Woodinville’s Little Bit Riding Center is home to 235 horse riders receiving medical hippotherapy or participating in an adaptive riding program. If that seems like a lot, consider this—more than 200 are on the waiting list to get a chance to join them.
“It’s really heartbreaking,” said Kathy Alm, executive director of Little Bit. “Our case is so urgent because (they’re) potentially missing developmental milestones.”
But the solution is on its way with a move to a bigger facility in Redmond off Avondale Road. The 17-acre plot of land will feature a 40-stall barn, two covered arenas, a welcome center, therapy rooms and a tack barn. Of the necessary $11 million, $8.7 million has been raised so far, Alm said.
Construction is underway, and when the entire project is finished, Little Bit will effectively double its capacity, with space for around 480 riders, Alm said.
Little Bit purchased the Redmond property in 2008, but plans for a bigger space date back to 2004.
“We had a waiting list back then, and we knew it was going to get bigger,” Alm said. “I’m always a little awed by the board in 2004 recognizing this (future problem).
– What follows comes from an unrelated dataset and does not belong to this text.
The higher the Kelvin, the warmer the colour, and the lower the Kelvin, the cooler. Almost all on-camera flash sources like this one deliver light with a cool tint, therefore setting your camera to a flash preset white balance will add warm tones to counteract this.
They knew to look ahead.”
Currently, fundraising is focused on matching a $250,000 capstone gift from the Murdock Foundation to build the second arena, Alm said. The remaining $82,000 must be raised and the arena must be built before the end of the year to access the gift.
Additional construction still to be completed includes building therapy rooms in a corner of the barn, finishing the tack barn and completing the welcome center, Alm said. Services at the center will begin in January, with a test group of 36 riders moved over. Possibly by next June and definitely by September 2012, names on the waiting list will be brought in, she said.
With the move, Little Bit will transfer all of its current riding operations to the Redmond location but will keep the Woodinville facility open as a research and training center.
After limited space in the Woodinville location, where Little Bit has resided for 35 years, more people will be able to experience the unique opportunities hippotherapy and the adaptive riding program provide.
“It’s something you can’t duplicate in a regular therapy room,” Alm said. “For many of our riders, this is the only activity they have.”